**BRIEF**
Each record below needs to be written out exactly as it reads.

### INPUT RECORDS ###

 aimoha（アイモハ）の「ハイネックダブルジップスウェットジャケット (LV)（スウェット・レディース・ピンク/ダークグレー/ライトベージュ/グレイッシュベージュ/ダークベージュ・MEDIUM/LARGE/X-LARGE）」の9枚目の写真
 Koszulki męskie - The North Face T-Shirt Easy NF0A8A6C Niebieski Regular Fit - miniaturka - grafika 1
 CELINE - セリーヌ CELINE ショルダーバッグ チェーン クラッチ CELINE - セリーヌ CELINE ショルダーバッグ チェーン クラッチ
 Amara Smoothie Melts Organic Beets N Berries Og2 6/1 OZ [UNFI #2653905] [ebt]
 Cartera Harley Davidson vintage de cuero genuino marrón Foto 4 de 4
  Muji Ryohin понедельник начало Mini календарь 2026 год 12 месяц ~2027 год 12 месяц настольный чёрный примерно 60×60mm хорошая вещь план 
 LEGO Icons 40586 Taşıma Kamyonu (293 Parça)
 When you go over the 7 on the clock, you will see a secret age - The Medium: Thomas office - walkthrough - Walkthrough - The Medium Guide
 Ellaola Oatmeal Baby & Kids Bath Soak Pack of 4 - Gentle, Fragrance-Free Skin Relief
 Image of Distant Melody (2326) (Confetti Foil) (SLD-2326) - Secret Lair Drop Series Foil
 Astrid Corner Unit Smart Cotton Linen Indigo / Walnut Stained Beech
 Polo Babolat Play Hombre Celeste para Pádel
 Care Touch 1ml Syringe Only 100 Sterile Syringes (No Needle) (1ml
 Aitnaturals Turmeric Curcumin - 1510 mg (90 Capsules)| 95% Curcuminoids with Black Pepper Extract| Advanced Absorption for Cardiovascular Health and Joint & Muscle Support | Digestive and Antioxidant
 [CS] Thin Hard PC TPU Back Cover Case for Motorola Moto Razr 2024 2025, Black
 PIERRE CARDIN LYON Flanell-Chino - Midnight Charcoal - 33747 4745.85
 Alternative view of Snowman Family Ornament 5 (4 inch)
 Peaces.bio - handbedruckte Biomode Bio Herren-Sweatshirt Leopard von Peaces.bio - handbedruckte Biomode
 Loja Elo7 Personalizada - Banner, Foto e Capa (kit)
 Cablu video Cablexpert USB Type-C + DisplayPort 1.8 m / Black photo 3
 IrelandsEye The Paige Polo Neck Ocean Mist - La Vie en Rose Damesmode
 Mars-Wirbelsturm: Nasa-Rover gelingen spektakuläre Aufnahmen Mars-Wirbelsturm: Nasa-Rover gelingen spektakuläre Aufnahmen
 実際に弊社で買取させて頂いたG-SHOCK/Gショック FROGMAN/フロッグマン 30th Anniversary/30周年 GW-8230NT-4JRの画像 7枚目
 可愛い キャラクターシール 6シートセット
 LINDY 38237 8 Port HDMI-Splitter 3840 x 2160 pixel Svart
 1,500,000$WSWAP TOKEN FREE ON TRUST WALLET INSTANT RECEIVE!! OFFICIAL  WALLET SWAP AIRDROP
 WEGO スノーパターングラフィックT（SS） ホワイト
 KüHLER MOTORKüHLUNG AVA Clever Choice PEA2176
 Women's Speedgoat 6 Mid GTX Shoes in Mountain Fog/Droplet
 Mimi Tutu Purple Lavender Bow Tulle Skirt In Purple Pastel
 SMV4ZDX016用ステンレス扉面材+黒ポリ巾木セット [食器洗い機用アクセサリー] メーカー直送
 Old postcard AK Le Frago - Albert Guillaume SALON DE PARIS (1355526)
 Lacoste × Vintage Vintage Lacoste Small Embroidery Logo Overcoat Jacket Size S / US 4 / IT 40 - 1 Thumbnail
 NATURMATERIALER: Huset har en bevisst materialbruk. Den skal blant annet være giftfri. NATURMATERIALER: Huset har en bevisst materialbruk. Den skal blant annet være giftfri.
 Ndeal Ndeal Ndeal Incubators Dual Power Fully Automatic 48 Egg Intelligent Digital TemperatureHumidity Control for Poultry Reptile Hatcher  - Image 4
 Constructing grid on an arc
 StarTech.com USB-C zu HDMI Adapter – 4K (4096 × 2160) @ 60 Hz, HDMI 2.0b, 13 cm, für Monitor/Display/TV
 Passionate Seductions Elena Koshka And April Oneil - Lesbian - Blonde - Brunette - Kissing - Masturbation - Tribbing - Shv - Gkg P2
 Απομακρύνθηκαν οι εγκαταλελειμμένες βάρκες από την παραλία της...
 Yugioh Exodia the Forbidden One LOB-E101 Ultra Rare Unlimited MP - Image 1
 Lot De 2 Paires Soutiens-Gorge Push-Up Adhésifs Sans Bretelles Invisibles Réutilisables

###

**RESPONSE FOR THIS EXERCISE**
 aimoha（アイモハ）の「ハイネックダブルジップスウェットジャケット (LV)（スウェット・レディース・ピンク/ダークグレー/ライトベージュ/グレイッシュベージュ/ダークベージュ・MEDIUM/LARGE/X-LARGE）」の9枚目の写真
 Koszulki męskie - The North Face T-Shirt Easy NF0A8A6C Niebieski Regular Fit - miniaturka - grafika 1
 CELINE - セリーヌ CELINE ショルダーバッグ チェーン クラッチ CELINE - セリーヌ CELINE ショルダーバッグ チェーン クラッチ
 Amara Smoothie Melts Organic Beets N Berries Og2 6/1 OZ [UNFI #2653905] [ebt]
 Cartera Harley Davidson vintage de cuero genuino marrón Foto 4 de 4
  Muji Ryohin понедельник начало Mini календарь 2026 год 12 месяц ~2027 год 12 месяц настольный чёрный примерно 60×60mm хорошая вещь план 
 LEGO Icons 40586 Taşıma Kamyonu (293 Parça)
 When you go over the 7 on the clock, you will see a secret age - The Medium: Thomas office - walkthrough - Walkthrough - The Medium Guide
 Ellaola Oatmeal Baby & Kids Bath Soak Pack of 4 - Gentle, Fragrance-Free Skin Relief
 Image of Distant Melody (2326) (Confetti Foil) (SLD-2326) - Secret Lair Drop Series Foil
 Astrid Corner Unit Smart Cotton Linen Indigo / Walnut Stained Beech
 Polo Babolat Play Hombre Celeste para Pádel
 Care Touch 1ml Syringe Only 100 Sterile Syringes (No Needle) (1ml
 Aitnaturals Turmeric Curcumin - 1510 mg (90 Capsules)| 95% Curcuminoids with Black Pepper Extract| Advanced Absorption for Cardiovascular Health and Joint & Muscle Support | Digestive and Antioxidant
 [CS] Thin Hard PC TPU Back Cover Case for Motorola Moto Razr 2024 2025, Black
 PIERRE CARDIN LYON Flanell-Chino - Midnight Charcoal - 33747 4745.85
 Alternative view of Snowman Family Ornament 5 (4 inch)
 Peaces.bio - handbedruckte Biomode Bio Herren-Sweatshirt Leopard von Peaces.bio - handbedruckte Biomode
 Loja Elo7 Personalizada - Banner, Foto e Capa (kit)
 Cablu video Cablexpert USB Type-C + DisplayPort 1.8 m / Black photo 3
 IrelandsEye The Paige Polo Neck Ocean Mist - La Vie en Rose Damesmode
 Mars-Wirbelsturm: Nasa-Rover gelingen spektakuläre Aufnahmen Mars-Wirbelsturm: Nasa-Rover gelingen spektakuläre Aufnahmen
 実際に弊社で買取させて頂いたG-SHOCK/Gショック FROGMAN/フロッグマン 30th Anniversary/30周年 GW-8230NT-4JRの画像 7枚目
 可愛い キャラクターシール 6シートセット
 LINDY 38237 8 Port HDMI-Splitter 3840 x 2160 pixel Svart
 1,500,000$WSWAP TOKEN FREE ON TRUST WALLET INSTANT RECEIVE!! OFFICIAL  WALLET SWAP AIRDROP
 WEGO スノーパターングラフィックT（SS） ホワイト
 KüHLER MOTORKüHLUNG AVA Clever Choice PEA2176
 Women's Speedgoat 6 Mid GTX Shoes in Mountain Fog/Droplet
 Mimi Tutu Purple Lavender Bow Tulle Skirt In Purple Pastel
 SMV4ZDX016用ステンレス扉面材+黒ポリ巾木セット [食器洗い機用アクセサリー] メーカー直送
 Old postcard AK Le Frago - Albert Guillaume SALON DE PARIS (1355526)
 Lacoste × Vintage Vintage Lacoste Small Embroidery Logo Overcoat Jacket Size S / US 4 / IT 40 - 1 Thumbnail
 NATURMATERIALER: Huset har en bevisst materialbruk. Den skal blant annet være giftfri. NATURMATERIALER: Huset har en bevisst materialbruk. Den skal blant annet være giftfri.
 Ndeal Ndeal Ndeal Incubators Dual Power Fully Automatic 48 Egg Intelligent Digital TemperatureHumidity Control for Poultry Reptile Hatcher  - Image 4
 Constructing grid on an arc
 StarTech.com USB-C zu HDMI Adapter – 4K (4096 × 2160) @ 60 Hz, HDMI 2.0b, 13 cm, für Monitor/Display/TV
 Passionate Seductions Elena Koshka And April Oneil - Lesbian - Blonde - Brunette - Kissing - Masturbation - Tribbing - Shv - Gkg P2
 Απομακρύνθηκαν οι εγκαταλελειμμένες βάρκες από την παραλία της...
 Yugioh Exodia the Forbidden One LOB-E101 Ultra Rare Unlimited MP - Image 1
 Lot De 2 Paires Soutiens-Gorge Push-Up Adhésifs Sans Bretelles Invisibles Réutilisables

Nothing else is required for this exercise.